• [Your objective]
Give back exactly the lines of the entries below from the line with "ロゴワークスマグカップ for Tea" to the line with "Óculos de Grau", inclusive, and only those.

Records from a collection
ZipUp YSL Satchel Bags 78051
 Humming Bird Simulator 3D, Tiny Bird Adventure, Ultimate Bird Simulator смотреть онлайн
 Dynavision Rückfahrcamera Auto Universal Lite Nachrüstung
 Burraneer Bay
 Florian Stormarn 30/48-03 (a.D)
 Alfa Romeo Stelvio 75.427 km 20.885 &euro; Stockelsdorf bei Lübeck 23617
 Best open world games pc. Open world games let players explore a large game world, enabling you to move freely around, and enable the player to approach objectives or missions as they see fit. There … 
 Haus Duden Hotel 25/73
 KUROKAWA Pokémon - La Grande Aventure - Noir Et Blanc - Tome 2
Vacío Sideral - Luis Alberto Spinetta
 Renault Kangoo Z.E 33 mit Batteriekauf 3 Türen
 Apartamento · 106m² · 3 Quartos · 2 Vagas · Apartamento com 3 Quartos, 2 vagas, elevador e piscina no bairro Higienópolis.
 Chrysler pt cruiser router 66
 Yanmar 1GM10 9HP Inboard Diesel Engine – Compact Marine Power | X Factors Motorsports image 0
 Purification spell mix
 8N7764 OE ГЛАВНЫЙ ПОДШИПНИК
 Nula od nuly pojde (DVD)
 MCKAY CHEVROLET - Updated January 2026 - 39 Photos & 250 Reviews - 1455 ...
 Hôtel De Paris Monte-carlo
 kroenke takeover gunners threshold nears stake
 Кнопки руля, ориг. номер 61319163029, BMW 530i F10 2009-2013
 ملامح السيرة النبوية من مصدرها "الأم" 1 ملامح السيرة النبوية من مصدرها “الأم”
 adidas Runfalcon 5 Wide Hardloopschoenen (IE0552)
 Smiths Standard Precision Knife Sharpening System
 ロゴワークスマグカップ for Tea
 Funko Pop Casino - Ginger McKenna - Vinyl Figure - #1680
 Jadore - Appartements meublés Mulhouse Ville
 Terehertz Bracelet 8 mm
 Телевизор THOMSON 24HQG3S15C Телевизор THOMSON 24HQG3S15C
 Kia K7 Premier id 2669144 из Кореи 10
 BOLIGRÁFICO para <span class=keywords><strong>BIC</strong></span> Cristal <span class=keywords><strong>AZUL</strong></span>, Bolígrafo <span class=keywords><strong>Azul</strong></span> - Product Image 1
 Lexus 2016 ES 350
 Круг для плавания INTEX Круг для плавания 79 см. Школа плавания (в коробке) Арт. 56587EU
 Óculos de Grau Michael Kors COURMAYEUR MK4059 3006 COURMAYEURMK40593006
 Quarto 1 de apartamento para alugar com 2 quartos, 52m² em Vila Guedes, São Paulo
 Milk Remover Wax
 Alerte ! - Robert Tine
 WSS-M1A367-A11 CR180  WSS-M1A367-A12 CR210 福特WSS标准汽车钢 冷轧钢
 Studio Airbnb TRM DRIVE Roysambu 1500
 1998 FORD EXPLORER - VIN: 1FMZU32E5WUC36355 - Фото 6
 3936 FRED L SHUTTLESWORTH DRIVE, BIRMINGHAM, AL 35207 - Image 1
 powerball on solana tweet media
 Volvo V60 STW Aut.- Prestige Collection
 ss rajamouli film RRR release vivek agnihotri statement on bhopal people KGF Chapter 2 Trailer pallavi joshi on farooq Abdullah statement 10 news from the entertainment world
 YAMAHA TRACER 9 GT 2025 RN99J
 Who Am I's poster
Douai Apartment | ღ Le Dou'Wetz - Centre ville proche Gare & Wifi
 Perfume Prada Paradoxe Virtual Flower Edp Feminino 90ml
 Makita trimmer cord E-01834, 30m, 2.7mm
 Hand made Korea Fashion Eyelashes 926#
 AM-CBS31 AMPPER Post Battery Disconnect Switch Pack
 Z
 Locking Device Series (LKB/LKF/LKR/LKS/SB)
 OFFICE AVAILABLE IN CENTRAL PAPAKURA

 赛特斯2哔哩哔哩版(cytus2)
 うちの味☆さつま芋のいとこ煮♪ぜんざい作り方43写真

• [Completed task]
 ロゴワークスマグカップ for Tea
 Funko Pop Casino - Ginger McKenna - Vinyl Figure - #1680
 Jadore - Appartements meublés Mulhouse Ville
 Terehertz Bracelet 8 mm
 Телевизор THOMSON 24HQG3S15C Телевизор THOMSON 24HQG3S15C
 Kia K7 Premier id 2669144 из Кореи 10
 BOLIGRÁFICO para <span class=keywords><strong>BIC</strong></span> Cristal <span class=keywords><strong>AZUL</strong></span>, Bolígrafo <span class=keywords><strong>Azul</strong></span> - Product Image 1
 Lexus 2016 ES 350
 Круг для плавания INTEX Круг для плавания 79 см. Школа плавания (в коробке) Арт. 56587EU
 Óculos de Grau Michael Kors COURMAYEUR MK4059 3006 COURMAYEURMK40593006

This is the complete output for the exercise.